Investigating K-12 computing education in four African countries (Botswana, Kenya, Nigeria and Uganda)
Motivation. As K-12 computing education becomes more established throughout the world, there is an increasing focus on accessibility for all, whether in a particular country or setting or in areas of the world that may not yet have computing established. This is primarily articulated as an equity issue. The recently developed CAPE (capacity for, access to, participation in and experience of computer science education) Framework is one way of demonstrating stages and dependencies and understanding relative equity, taking into consideration the disparities between sub-populations. While there is existing research that covers the state of computing education and equity issues, it is mostly in high-income countries; there is minimal research in the context of low-middle income countries like the Sub-Saharan African countries.
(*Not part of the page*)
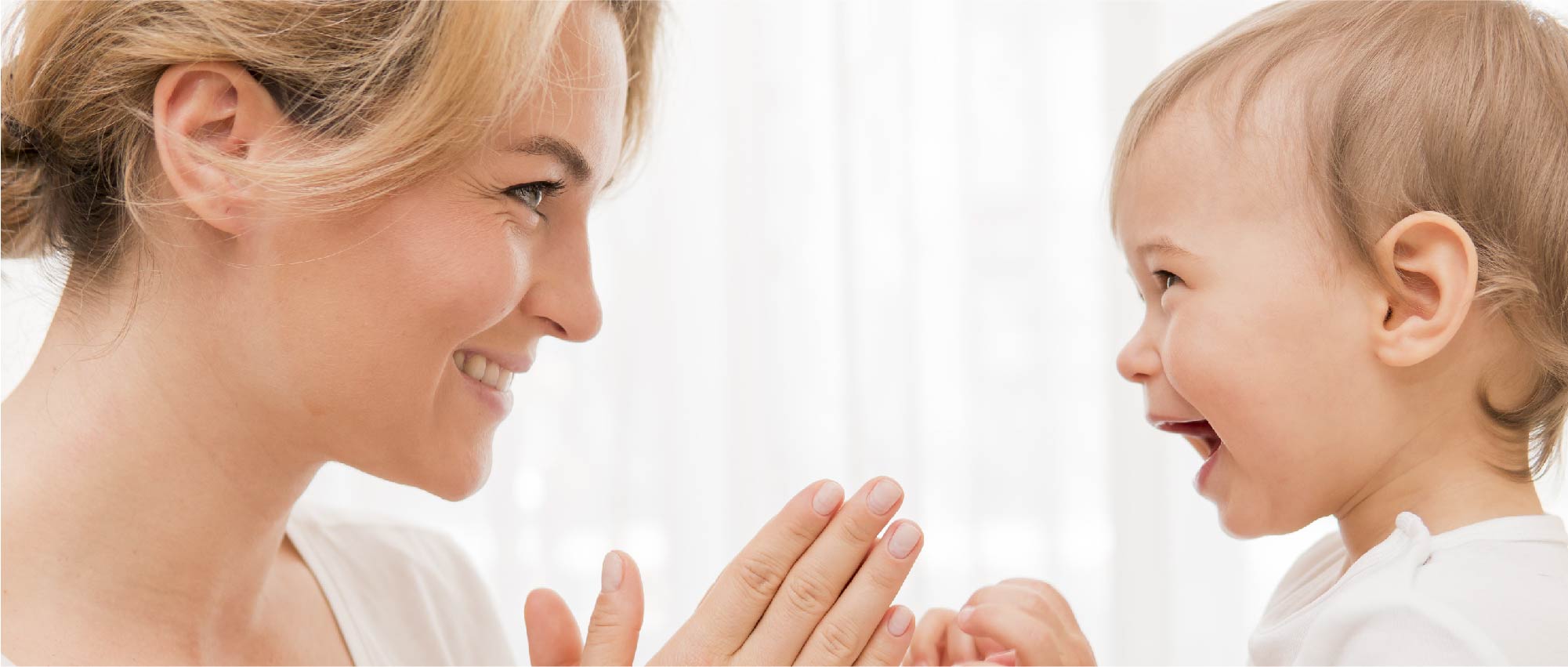 Eine Mutter interagiert liebevoll mit ihrem Kind, was auf eine gesunde Kommunikation und eine frühzeitige Versorgung bei Hörverlust hinweist. Die frühzeitige Erkennung und Behandlung von Hörverlust bei Kindern ist entscheidend für ihre Entwicklung. Eine Mutter interagiert liebevoll mit ihrem Kind, was auf eine gesunde Kommunikation und eine frühzeitige Versorgung bei Hörverlust hinweist. Die frühzeitige Erkennung und Behandlung von Hörverlust bei Kindern ist entscheidend für ihre Entwicklung.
Objectives. The objective of the paper is therefore to report on a pilot study investigating the capacity (one of the equity issues), for delivering computing education in four Sub-Saharan African countries: Botswana, Kenya, Nigeria and Uganda, countries which are in different geographic regions as well as in different income brackets (low-middle income).
Method. In addition to reviewing the capacity issues of curriculum and policy around computing education in each country, we surveyed 58 teachers about the infrastructure, resources, professional development, and curriculum for computing in their country. We used a localized version of the MEasuring TeacheR Enacted Computing Curriculum (METRECC) instrument for this purpose.
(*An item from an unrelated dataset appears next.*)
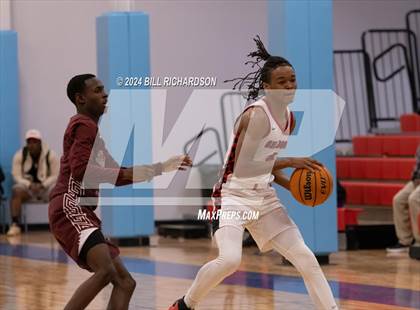 Thumbnail 3 in Lanier vs. Brandon (River City Classic Tournament) photogallery.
Results. We analyzed the results through the lens of the CAPE framework at the capacity level. We identified similarities and differences in the data from teachers who completed the original METRECC survey, all of whom were from high-income countries and African teachers. The data revealed statistically significant differences between the two data sets in relation to access to resources and professional development opportunities in computer studies/computer science, with the African teachers experiencing more barriers. Results further showed that African teachers focus less on teaching algorithms and programming than teachers from high-income countries. In addition, we found differences between African countries in the study, reflecting their relative access to IT infrastructure and resources.
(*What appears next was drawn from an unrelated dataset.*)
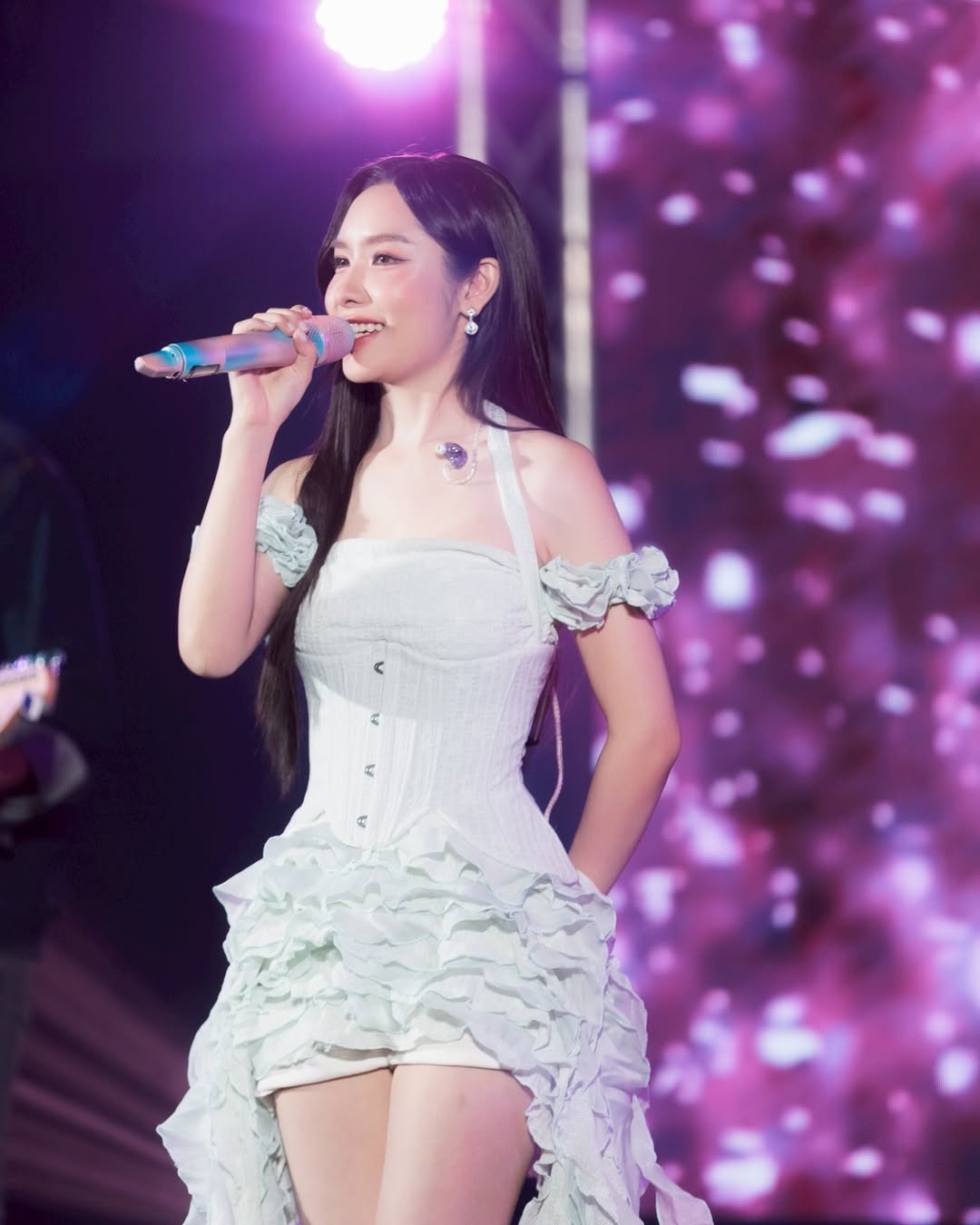 ลูกแก้ว - กมลลักษณ์ แสงทรัพย์สิน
Discussion. The findings suggest that African countries are still struggling with the lowest level of the CAPE pyramid, Capacity for as compared to high-income countries. This level is concerned with the availability of resources that support the enactment of a computing curriculum of high quality. The CAPE framework helps map the progression from Capacity for to Experience of computer science education as a route to equity, but in order to support development in low and middle-income countries, it may be helpful to have the capacity level finely grained. Such an adaptation draws out dependencies between policy and vision, infrastructure, curriculum implementation, and teacher professional development. More research is recommended to investigate these dependencies further and thus support and facilitate the development of global computing education.